#### Your instructions
So long as no pictures are carried over, output the records below exactly.

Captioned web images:
=-=-=
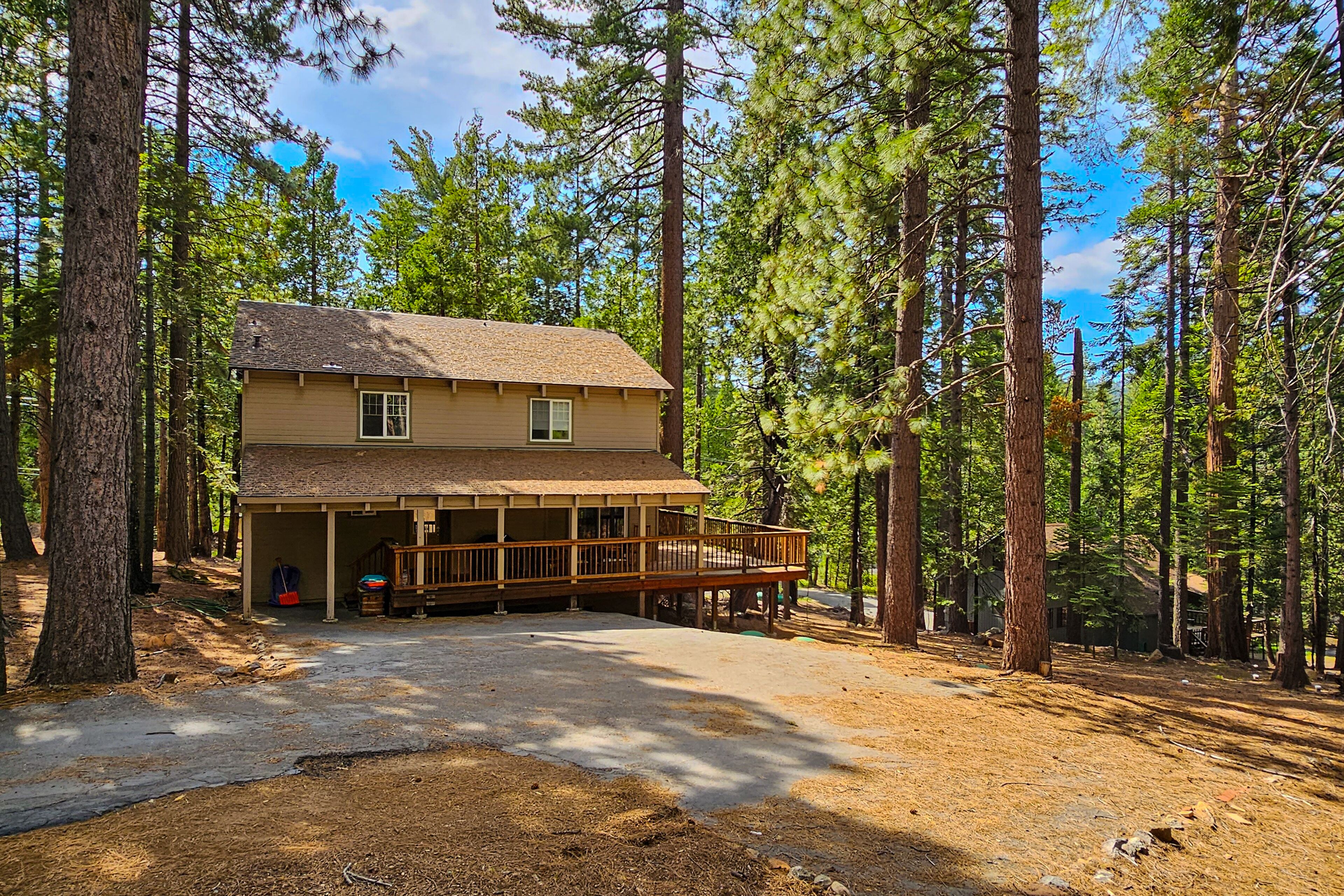 Dog-friendly cabin with gorgeous views, wrap around porch, & wood burning fireplace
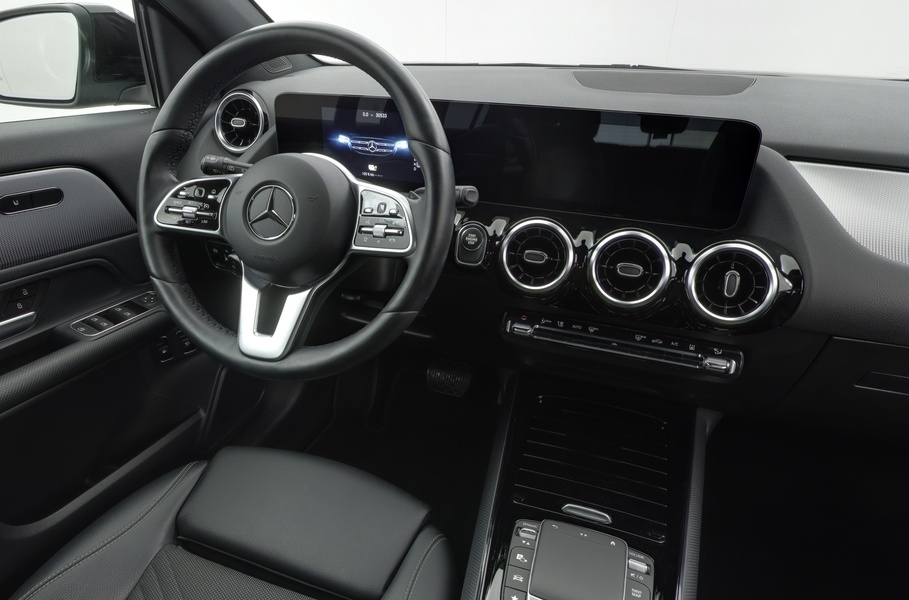 Mercedes-Benz GLA vaihtoauto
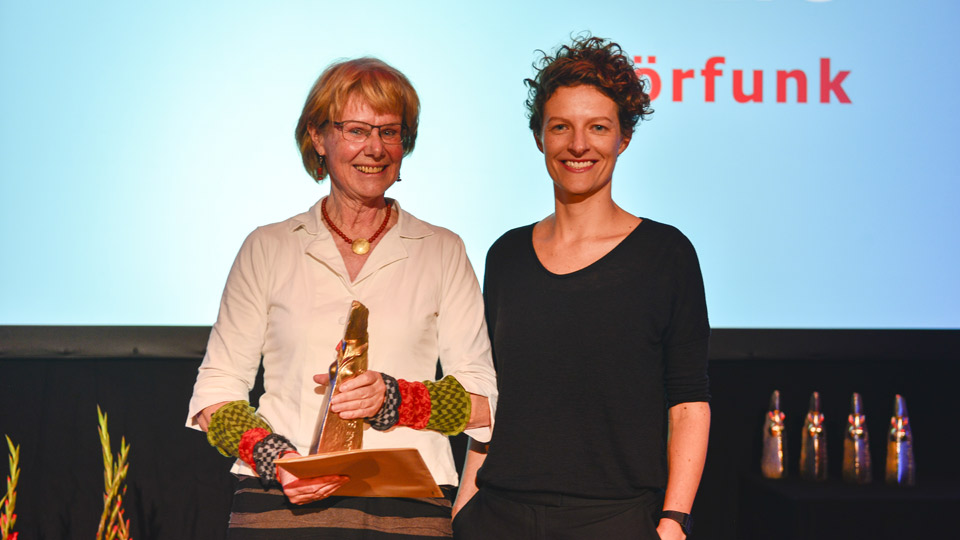 Preisträgerin Mechthild Müser und Laudatorin Julia Fritzsche (r) | Bildquelle: WDR/Land Niedersachsen Preisträgerin Mechthild Müser und Laudatorin Julia Fritzsche (r)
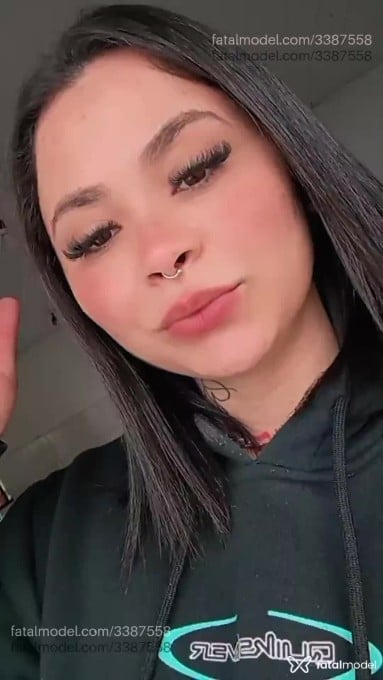 Acompanhante mulher morena (o) de olhos castanhos - Mariana Acompanhante mulher morena (o) de olhos castanhos - Mariana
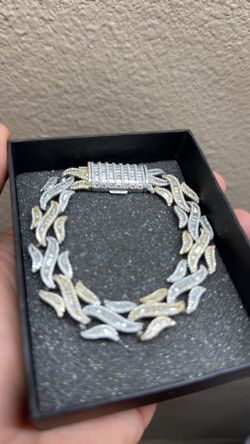 Cuban Bracelet Flame Link -Moissanite-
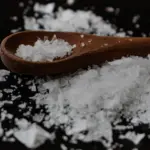 Fleur de sel dans une cuillère en bois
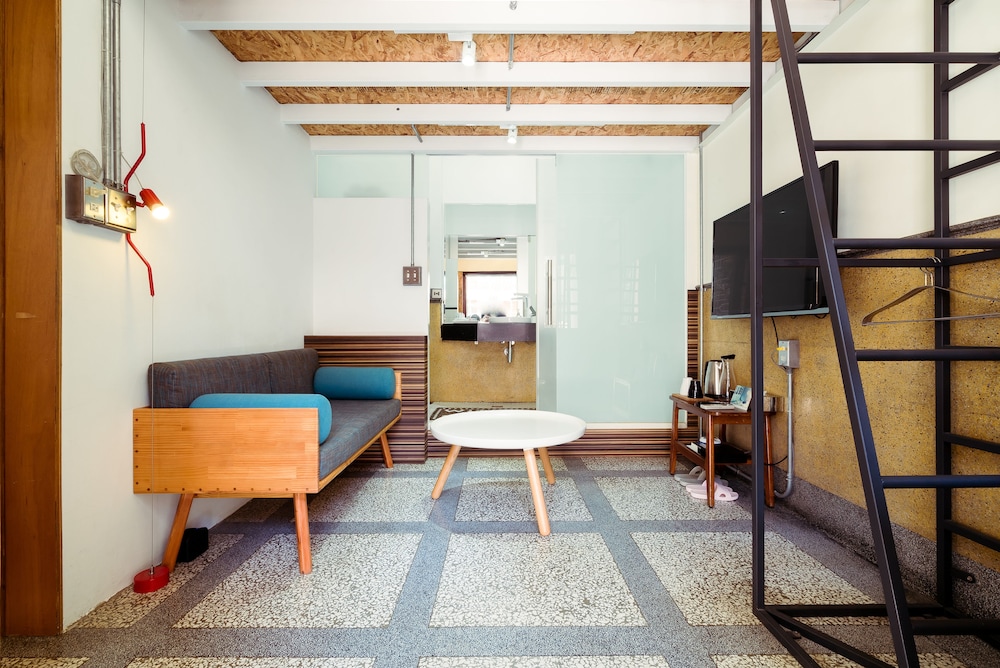 With inn Hostel 30/50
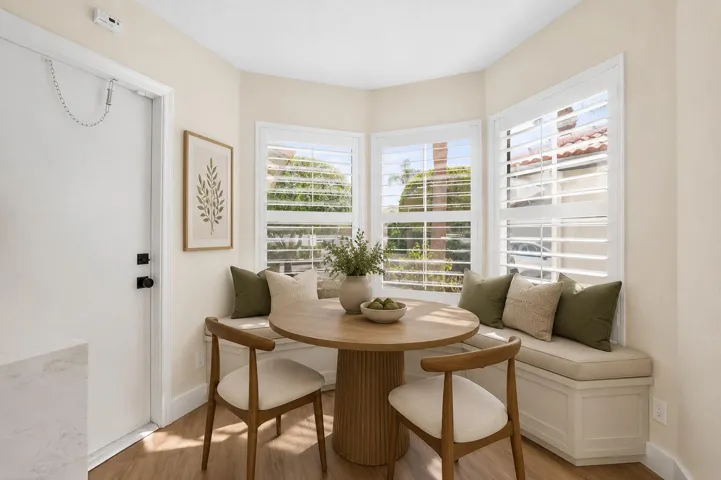 Breakfast nook. virtually staged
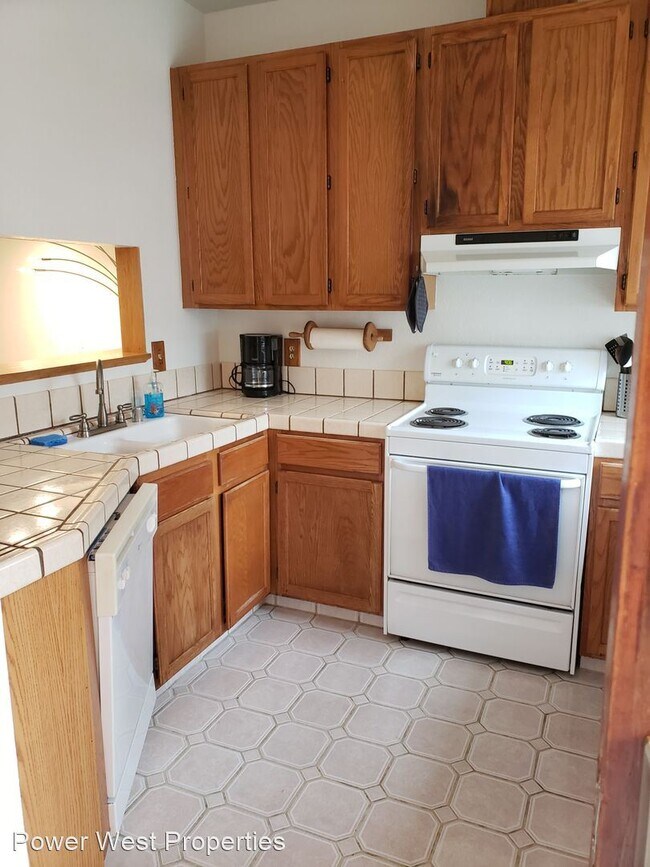 Building Photo - 2 br, 2.5 bath Condo - 1632 Killdeer Place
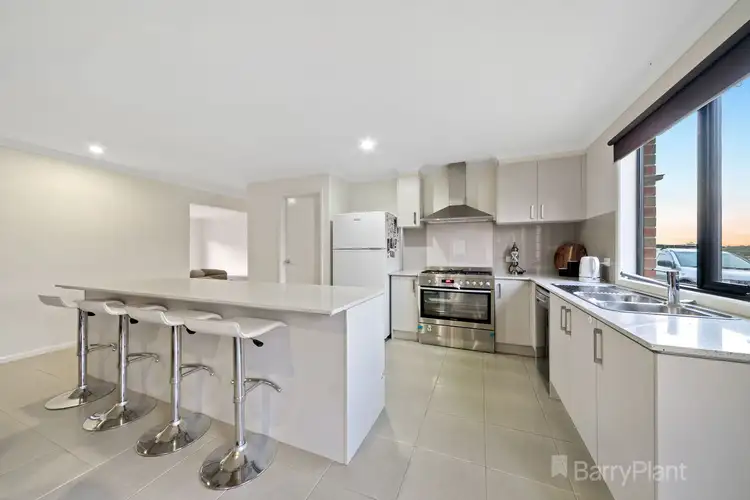 Second view of Homely house listing, 2 South Fork Court, Drouin VIC 3818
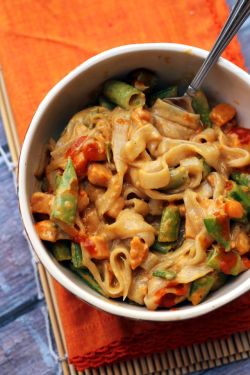 food-vegan:  Spicy Thai Peanut Vegetable Curry Noodles 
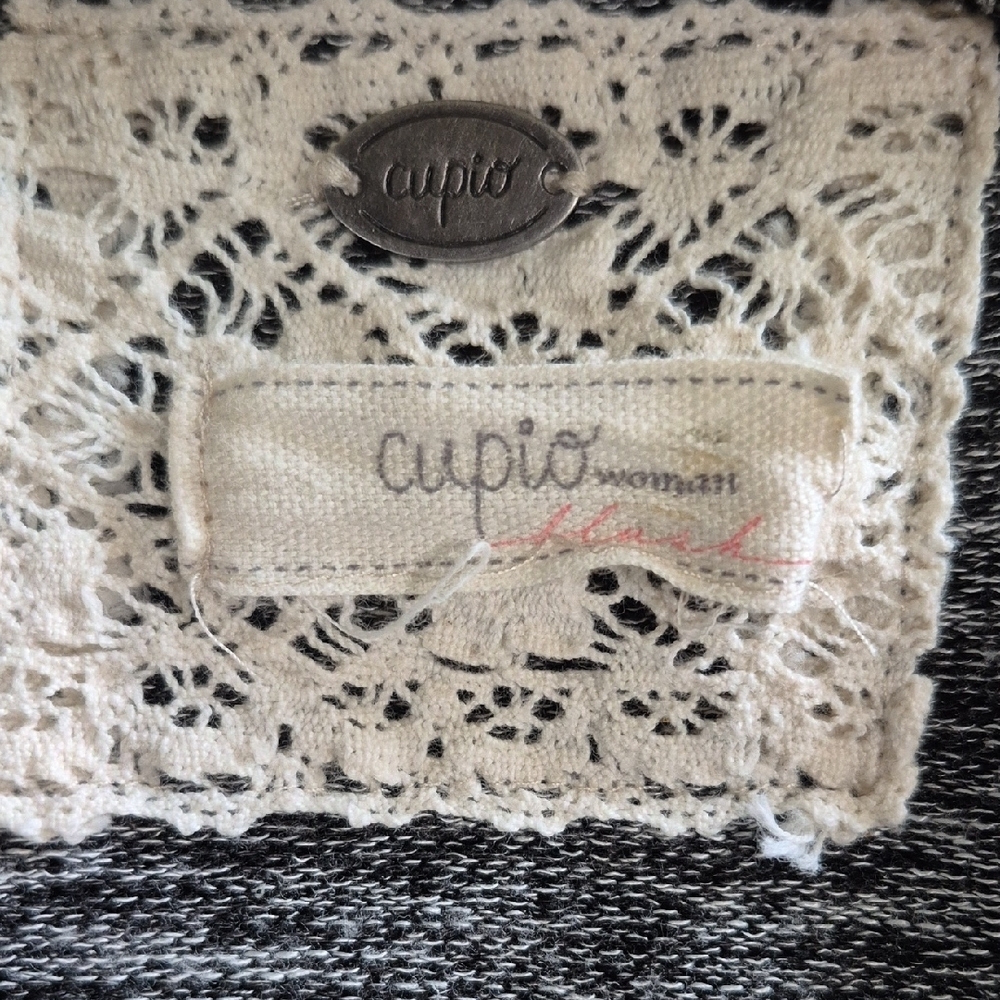 Cupio Black and Cream Lace Detail - Picture 5 of 6
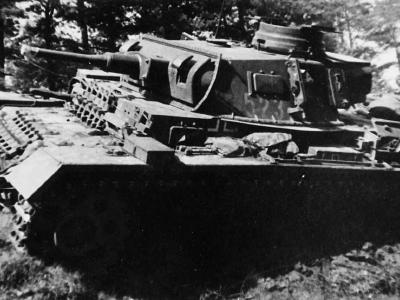 Tauchpanzer III tactical number 523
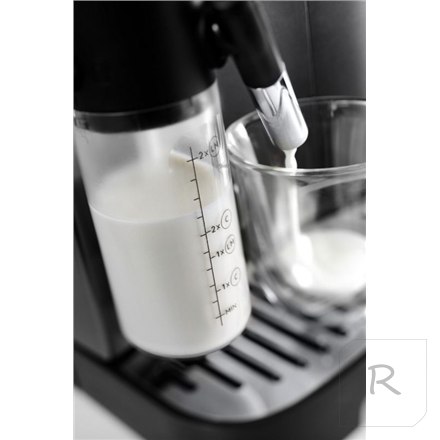 Delonghi | Coffee Maker | ECAM290.81.TB Magnifica Evo | Pump pressure 15 bar | Built-in milk frother | Automatic | 1450 W | Blac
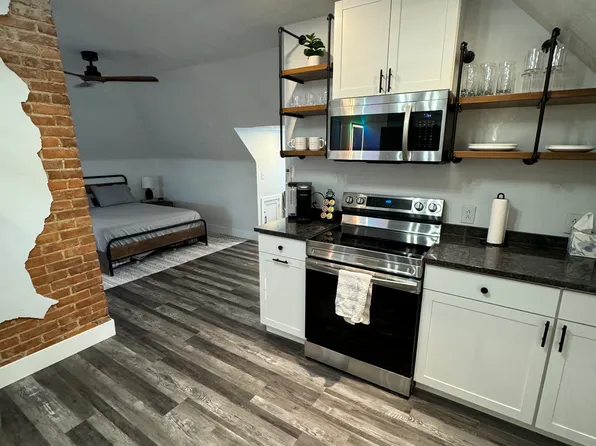 664 New Castle Rd APT 3, Butler, PA 16001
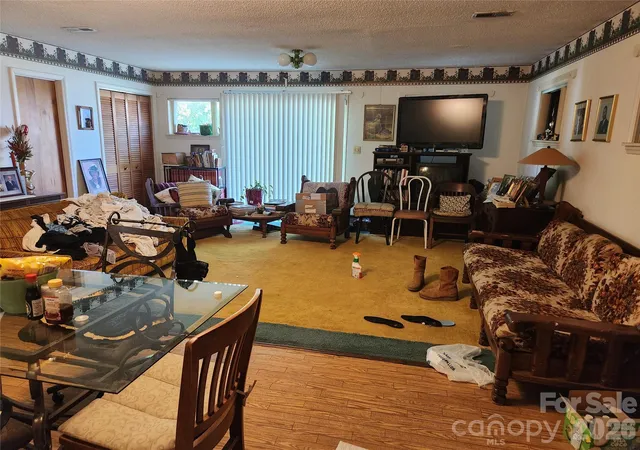 Photo 3 of Single family home for sale at 3012 Burbank Dr, Charlotte, NC 28216 | MLS# 4431557 | Listing updated on 2026-10-09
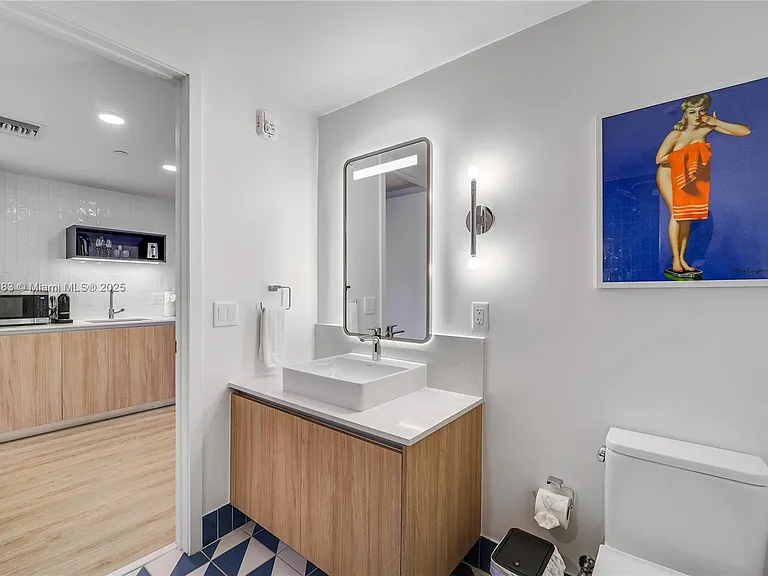601 NE 1st Ave #1619 — Photo 5
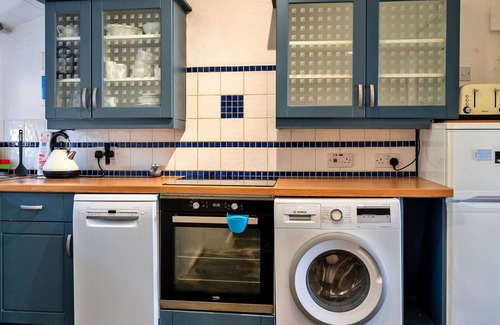 Sennen Cove House | Beautiful villa for 3 guests with WIFI, pets allowed and parking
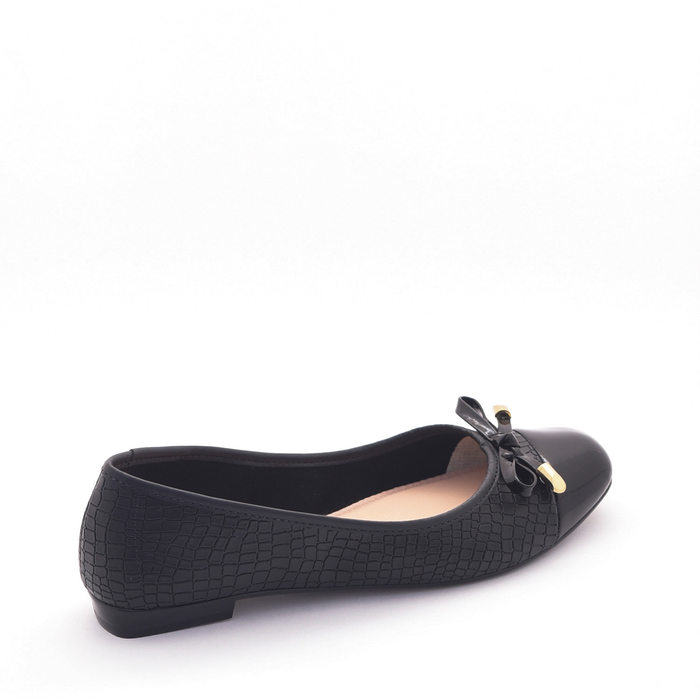Sapatilha Moleca Detalhe Croco Laço Biqueira Veniz Preta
=-=-=
#### Result of the exercise
 Dog-friendly cabin with gorgeous views, wrap around porch, & wood burning fireplace
 Mercedes-Benz GLA vaihtoauto
 Preisträgerin Mechthild Müser und Laudatorin Julia Fritzsche (r) | Bildquelle: WDR/Land Niedersachsen Preisträgerin Mechthild Müser und Laudatorin Julia Fritzsche (r)
 Acompanhante mulher morena (o) de olhos castanhos - Mariana Acompanhante mulher morena (o) de olhos castanhos - Mariana
 Cuban Bracelet Flame Link -Moissanite-
 Fleur de sel dans une cuillère en bois
 With inn Hostel 30/50
 Breakfast nook. virtually staged
 Building Photo - 2 br, 2.5 bath Condo - 1632 Killdeer Place
 Second view of Homely house listing, 2 South Fork Court, Drouin VIC 3818
 food-vegan:  Spicy Thai Peanut Vegetable Curry Noodles 
 Cupio Black and Cream Lace Detail - Picture 5 of 6
 Tauchpanzer III tactical number 523
 Delonghi | Coffee Maker | ECAM290.81.TB Magnifica Evo | Pump pressure 15 bar | Built-in milk frother | Automatic | 1450 W | Blac
 664 New Castle Rd APT 3, Butler, PA 16001
 Photo 3 of Single family home for sale at 3012 Burbank Dr, Charlotte, NC 28216 | MLS# 4431557 | Listing updated on 2026-10-09
601 NE 1st Ave #1619 — Photo 5
 Sennen Cove House | Beautiful villa for 3 guests with WIFI, pets allowed and parking
Sapatilha Moleca Detalhe Croco Laço Biqueira Veniz Preta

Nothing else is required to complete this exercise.